Thursday, February 5, 2009

DESIGN CONTINUED: HOW MANY BLOCKS?

Posted by Peg in South Carolina

My attention may be on the handspun shawl I am getting close to being able to warp, but I still continue to think and make notes about the silk crackle shawl which will follow. Here are some of the issues I am concerned with.

1. NUMBER OF THREADING BLOCKS

The most immediate issue is to determine how many blocks across the width of the warp I want. The art pieces, all of the based on Zielinski’s notion of creating 8 crackle blocks on 4 shafts, consisted of 17 blocks across the warp, but that was a much narrower warp. This shawl will be 28” wide.

2. SIZE OF BLOCKS

But even before I can decide the number of blocks, I need to determine how many units in each of the blocks. Yes, I do plan (at least at this point) to keep each block the same size. To determine the number of units I need to determine how wide I want the blocks.

3. ENDS PER INCH (EPI)

The epi for the shawl will be different from that for the art pieces: 60 epi instead of 72. 72 epi is generally the best setting for 60/2 silk woven in a twill pattern. Since I am weaving this crackle in what is essentially twill fashion, 72 would be the right sett. And it worked quite well for the art pieces.

But weaving a much wider piece at the same sett as a narrow piece would, for me, create difficulties. More difficult because it would be easier for the closely sett warp ends to hang up on each other and so create bad sheds. It would also be much harder to pack in the weft on the wider piece than on the narrow piece. So I have decided to make life a bit easier for me and sett this shawl at 60 epi.

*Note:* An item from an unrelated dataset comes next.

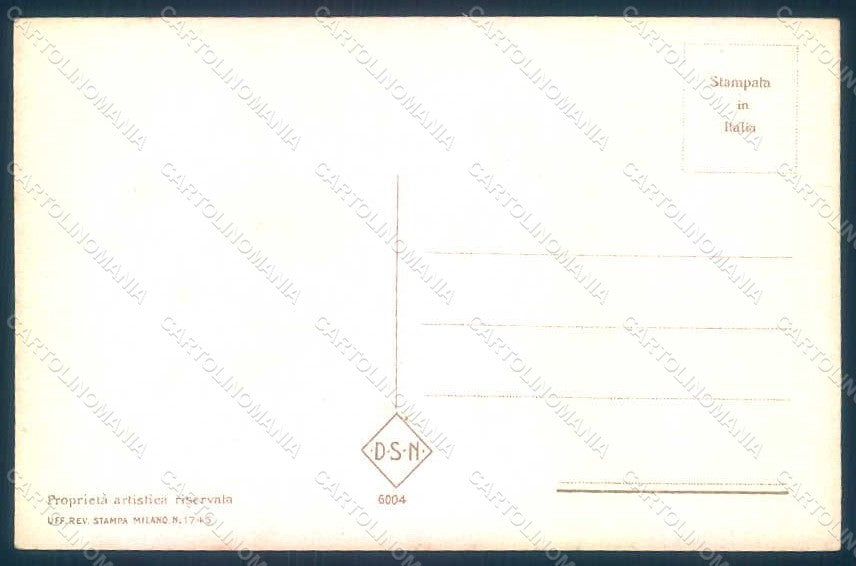 Artist Signed Minos Gazzera Lady Cupid Lucky Charm serie 6004 postcard HR1255 – retro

I will also consider using a temple to help with both issues.

Changing the epi from 72 to 60 will in and of itself make the blocks a bit wider. But my inclination is to make the blocks even wider because of the larger proportions of the shawl. So I am for now settling on 10 units per block. With 4 ends in an individual crackle unit, plus 1 accidental end at the end of any given block, that would result in a block being 41 ends wide. That means a block would be approximately 2/3-inch wide. With 44 blocks, I would get a shawl requiring 1,804 ends, four more ends than I had originally planned on in order to achieve a shawl with a final width (off loom and washed) of 28”.

4. ORDER OF THE BLOCKS

I have also made another design decision regarding the blocks. I had intended on trying ordering the blocks differently from that in the art pieces. There they were aligned in straight twill order, but reflected:

A B C D E F G F G F E D C B A

And in reflecting, the center of the scarf had some repeating blocks which created a change in the design there. Always wanting to try something a little different, I started to think about changing the order. But then sanity prevailed. The weaving itself is going to be a challenge, and by weaving, I mean, the planning of the treadling combined with the colors. I have physically available to me what can happen with threading twill order reflected. But not any other kind of threading. So I am going to stick to the concept of straight twill reflected.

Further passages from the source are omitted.